Items from a dataset:
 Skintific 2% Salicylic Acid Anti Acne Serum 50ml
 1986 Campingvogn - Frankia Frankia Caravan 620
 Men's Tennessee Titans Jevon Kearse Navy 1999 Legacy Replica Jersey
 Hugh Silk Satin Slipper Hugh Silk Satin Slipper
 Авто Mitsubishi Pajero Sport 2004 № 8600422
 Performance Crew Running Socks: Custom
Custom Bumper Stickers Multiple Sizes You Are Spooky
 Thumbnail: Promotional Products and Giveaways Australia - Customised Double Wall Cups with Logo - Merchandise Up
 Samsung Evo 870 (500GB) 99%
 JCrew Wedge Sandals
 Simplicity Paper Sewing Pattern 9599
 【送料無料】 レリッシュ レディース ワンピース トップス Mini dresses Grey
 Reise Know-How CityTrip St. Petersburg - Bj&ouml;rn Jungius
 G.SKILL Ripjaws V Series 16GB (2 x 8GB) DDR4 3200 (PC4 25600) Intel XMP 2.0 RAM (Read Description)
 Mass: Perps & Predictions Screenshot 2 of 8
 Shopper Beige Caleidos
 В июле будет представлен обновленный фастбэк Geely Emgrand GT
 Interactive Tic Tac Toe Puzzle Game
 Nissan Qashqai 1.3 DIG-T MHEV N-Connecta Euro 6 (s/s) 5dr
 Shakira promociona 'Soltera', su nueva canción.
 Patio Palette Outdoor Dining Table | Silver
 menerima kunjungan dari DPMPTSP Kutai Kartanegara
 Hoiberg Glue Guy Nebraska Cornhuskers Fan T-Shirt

What the task requires – The result consists of the line with "Custom Bumper Stickers" through the last line of the entries above, repeated exactly and with nothing else.

Exercise result –
Custom Bumper Stickers Multiple Sizes You Are Spooky
 Thumbnail: Promotional Products and Giveaways Australia - Customised Double Wall Cups with Logo - Merchandise Up
 Samsung Evo 870 (500GB) 99%
 JCrew Wedge Sandals
 Simplicity Paper Sewing Pattern 9599
 【送料無料】 レリッシュ レディース ワンピース トップス Mini dresses Grey
 Reise Know-How CityTrip St. Petersburg - Bj&ouml;rn Jungius
 G.SKILL Ripjaws V Series 16GB (2 x 8GB) DDR4 3200 (PC4 25600) Intel XMP 2.0 RAM (Read Description)
 Mass: Perps & Predictions Screenshot 2 of 8
 Shopper Beige Caleidos
 В июле будет представлен обновленный фастбэк Geely Emgrand GT
 Interactive Tic Tac Toe Puzzle Game
 Nissan Qashqai 1.3 DIG-T MHEV N-Connecta Euro 6 (s/s) 5dr
 Shakira promociona 'Soltera', su nueva canción.
 Patio Palette Outdoor Dining Table | Silver
 menerima kunjungan dari DPMPTSP Kutai Kartanegara
 Hoiberg Glue Guy Nebraska Cornhuskers Fan T-Shirt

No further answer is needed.